CASTRO VALLEY — Some tempers started boiling over when a recent school board agenda listed a proposed purchase of a $14,000 coffee machine.

What seems to have started the brew ha ha was the way the item was listed on the school board agenda: as an espresso machine. That got comments flying on social media in an election year:

“Return the machine, get a Mr. Coffee, and if Jim Negri wants a latte, well he can go to Starbucks and pay for one from his own income, just the way everyone else in town does,” a parent posted, referring to the school superintendent.

The machine in question is not a standard espresso machine, though apparently it can whip up a mean one. It is an industrial coffee maker that also would quickly heat water for tea and hot chocolate, heat apple cider and steam milk.

But after parents raised a ruckus, the district held off on the purchase.

The machine was part of a plan to expand the district’s in-house catering service to reduce the cost of providing food for school events, train culinary students and possibly offer catering for activities outside the district.

Yes, $14,000 is a lot of money, school board member Janice Friesen said. But the machine would get a lot of use.

“We want something that will last and be a good investment,” Friesen said.

Currently, Castro Valley students enrolled in the vocational culinary program travel to the regional occupational center campus near Chabot College in Hayward to take classes. The coffee maker was part of plan that would allow them to get hands-on training in Castro Valley instead.

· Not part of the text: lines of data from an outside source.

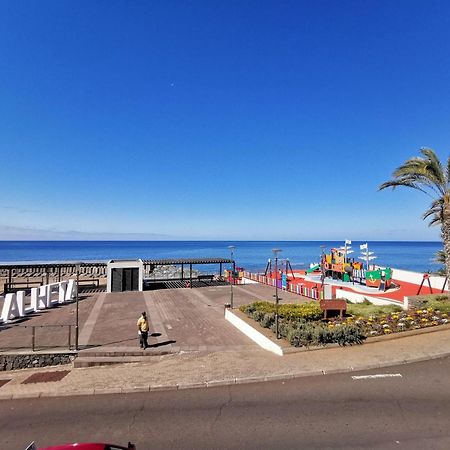 Chale Esmeralda - Charming Studios In Calheta Beach Exterior foto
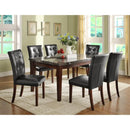 Decatur Dining Table, Marble Top - Furniture Now (CA)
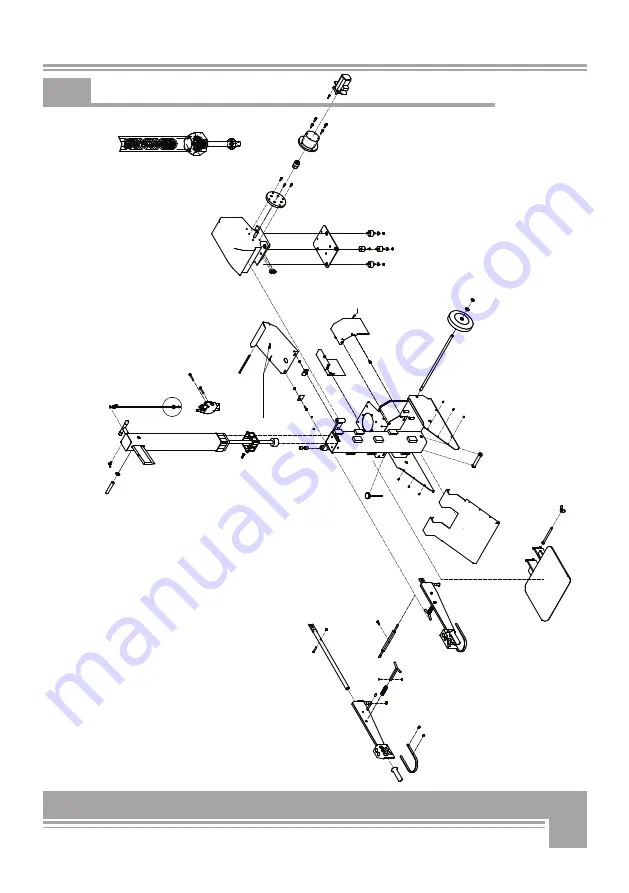 BGU HS 80-2 B Operator'S Manual Download Page 23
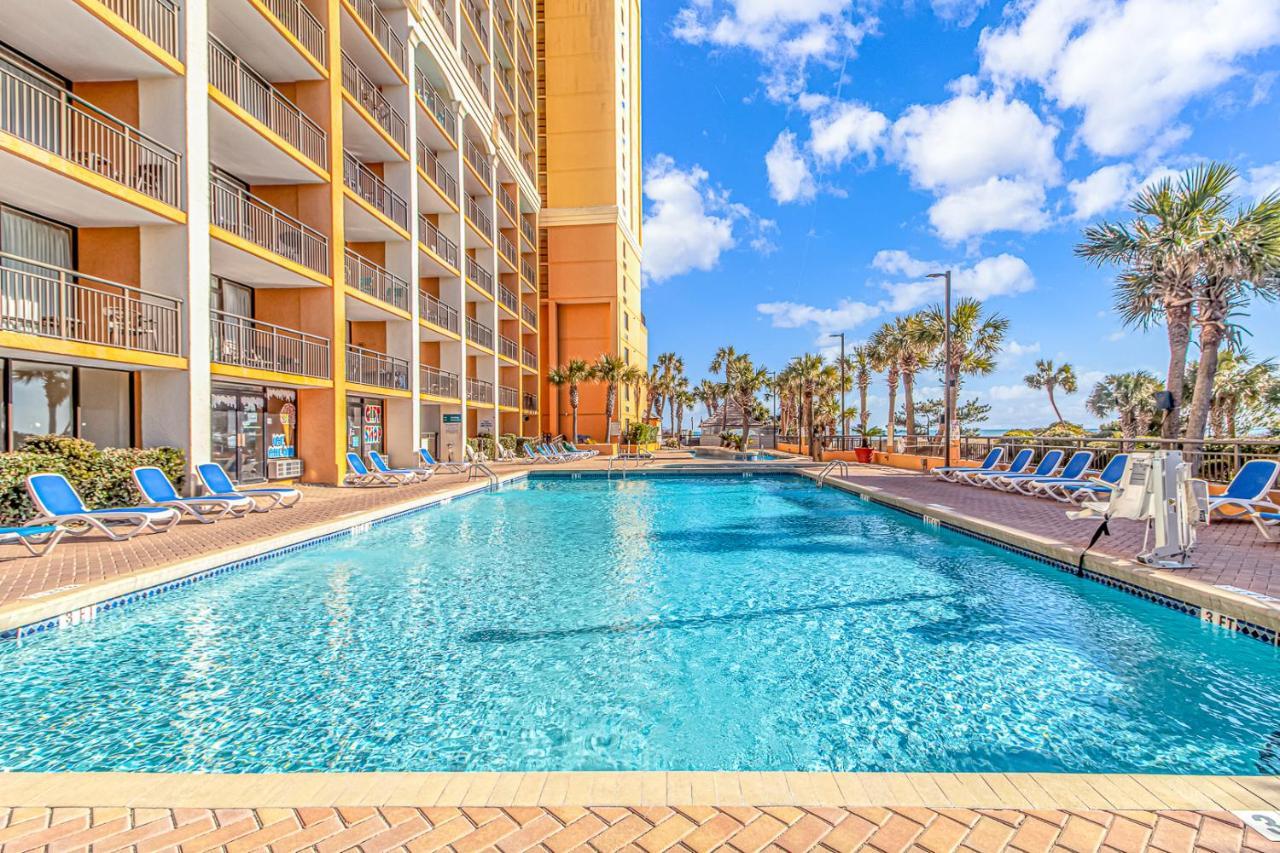 Caravelle Tower 626 Villa Myrtle Beach Eksteriør billede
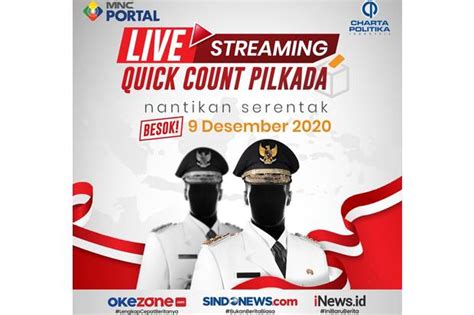 Quick Count Pilkada Newstempo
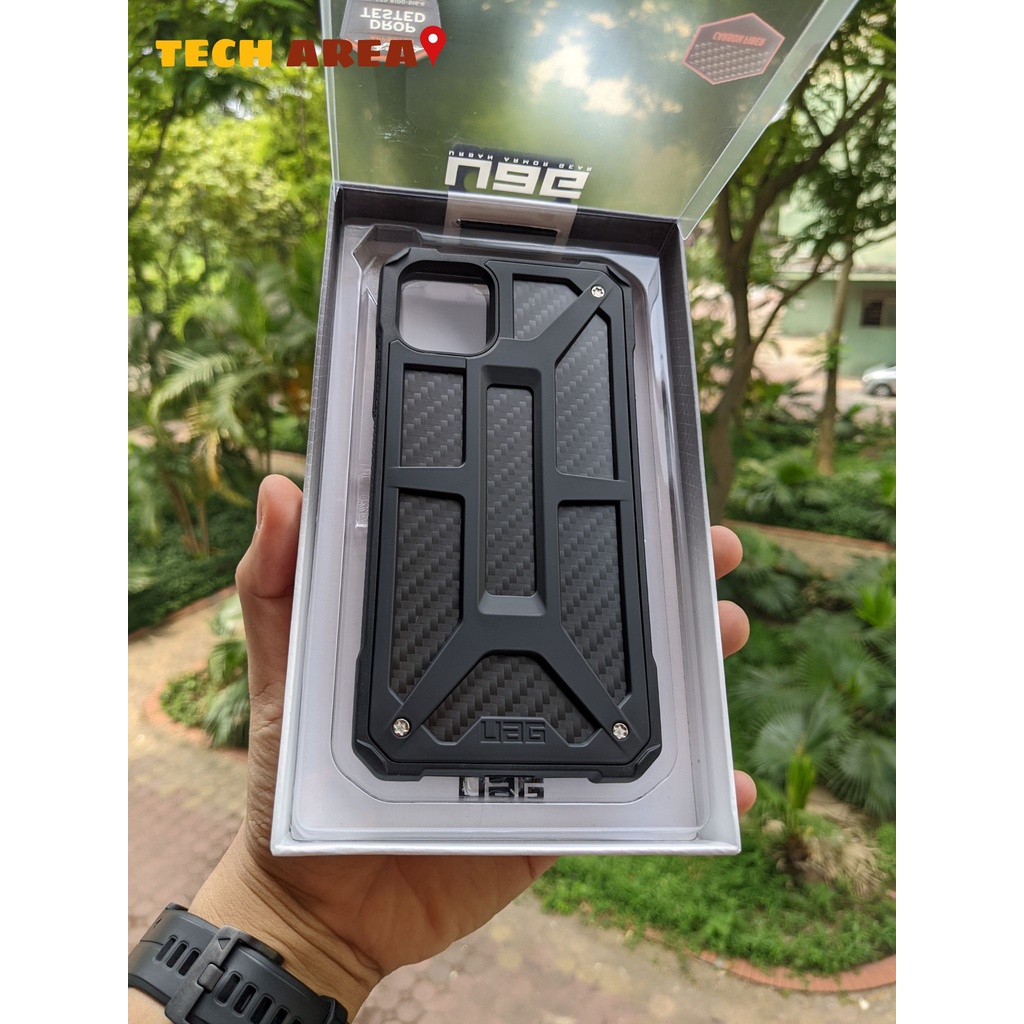 Ốp UAG Monarch Iphone 11pro/11pro max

The machine also would have been used to serve drinks at district functions. Castro Valley Unified said “expanding district catering services” when mentioning meals provided at school workshops, planning sessions, teacher training, etc. For many, catering conjures up an image of waiters with trays of appetizers.

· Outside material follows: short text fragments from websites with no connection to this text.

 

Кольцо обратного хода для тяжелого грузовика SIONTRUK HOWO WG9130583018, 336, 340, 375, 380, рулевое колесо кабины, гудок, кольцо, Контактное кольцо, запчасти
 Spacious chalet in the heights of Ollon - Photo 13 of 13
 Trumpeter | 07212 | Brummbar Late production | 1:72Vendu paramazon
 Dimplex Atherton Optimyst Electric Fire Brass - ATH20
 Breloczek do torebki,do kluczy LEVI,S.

What the district was referring to is breakfasts for staff at the beginning of the year, basic lunches and light breakfasts for all-day training sessions, food at after-school sessions for teachers, etc. While there may be a coffee pot at each site, when staffs from three or four schools gather, that coffee pot cannot fill the demand, Friesen said.

“If it’s after school and you’re asking people to come for development, you cannot not give them something. You have to feed them,” she said.

Castro Valley has paid other local school districts to provide food at staff events, Friesen said. The district also holds a teacher of the year event at the Castro Valley Center for the Performing Arts, which an outside vendor caters.

“Wouldn’t it be wonderful if our school district catered it and our school district got the money?” Friesen asked.

The money to buy the machine would not being diverted away from classrooms. It’s in the food services budget, whose funds are restricted (they can’t be spent elsewhere).

The coffee maker was to be part of a plan to revitalize the district’s food service program proposed by Brenda Lightfoot-Handy, hired earlier this year as head of child nutrition.

The official statement from Superintendent Negri:

“Questions have been raised about a purchase for our Child Nutrition Program, and in an effort to be responsive to our school community, we have made a decision to hold the purchase. Long term, we feel the investment in this commercial grade coffee and beverage machine would expand the capacity of our catering program, as well as benefit our vocational education food and catering program. However, given that we are in the process of developing these programs, for now we believe it is prudent to hold the purchase. Our community hears us when we ask for their support, and, in turn, we must hear them when they raise questions and concerns. I hope the decision to revisit the purchase reflects our commitment to be responsible partners with our community members and staff.”